## What the task requires:
Nothing but the lines from the one containing "9-delad trädgårdsdining-set med" to the end of the data should be copied, exactly, and the pictures stay out.

## Data provided:
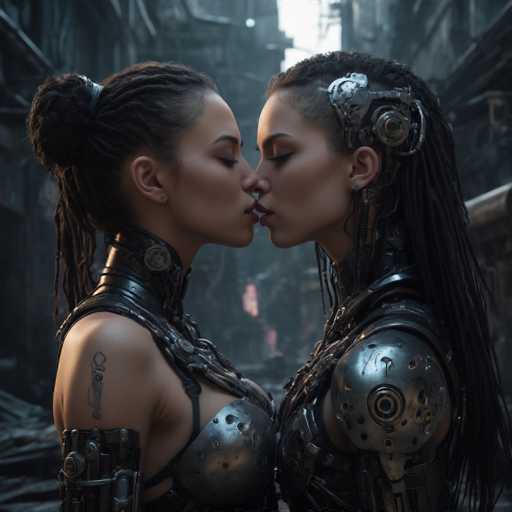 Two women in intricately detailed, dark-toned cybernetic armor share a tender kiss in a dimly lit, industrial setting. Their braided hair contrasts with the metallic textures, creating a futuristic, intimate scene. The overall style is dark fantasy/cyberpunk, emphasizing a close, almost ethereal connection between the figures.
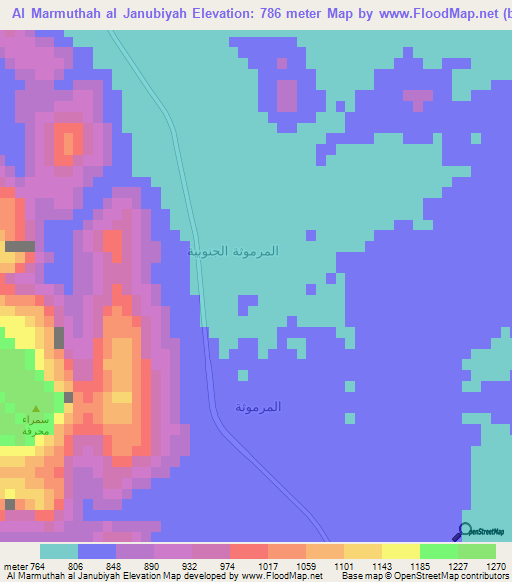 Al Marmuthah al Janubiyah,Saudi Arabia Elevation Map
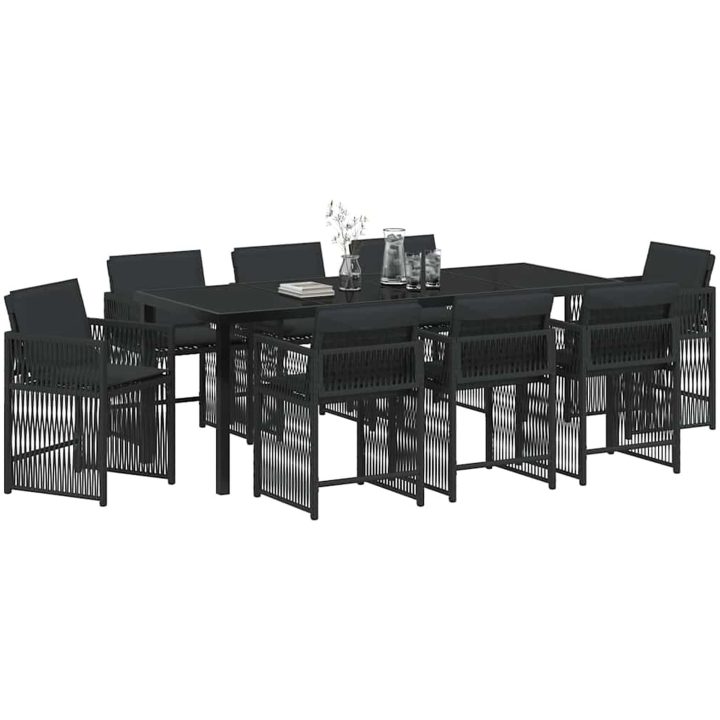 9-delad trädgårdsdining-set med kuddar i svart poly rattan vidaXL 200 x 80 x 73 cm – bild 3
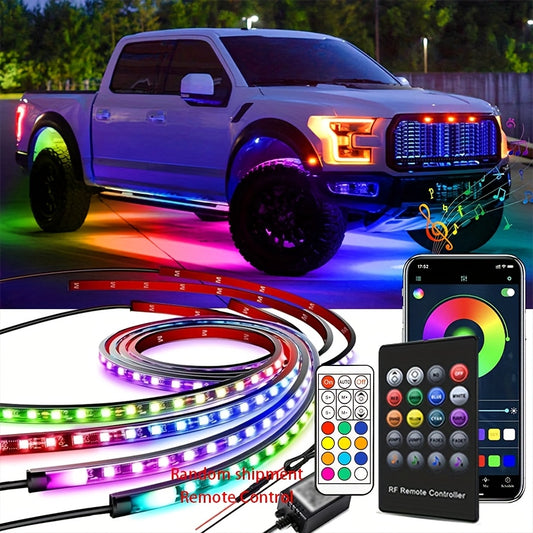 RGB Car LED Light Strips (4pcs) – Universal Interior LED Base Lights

## Answer for the task:
 9-delad trädgårdsdining-set med kuddar i svart poly rattan vidaXL 200 x 80 x 73 cm – bild 3
 RGB Car LED Light Strips (4pcs) – Universal Interior LED Base Lights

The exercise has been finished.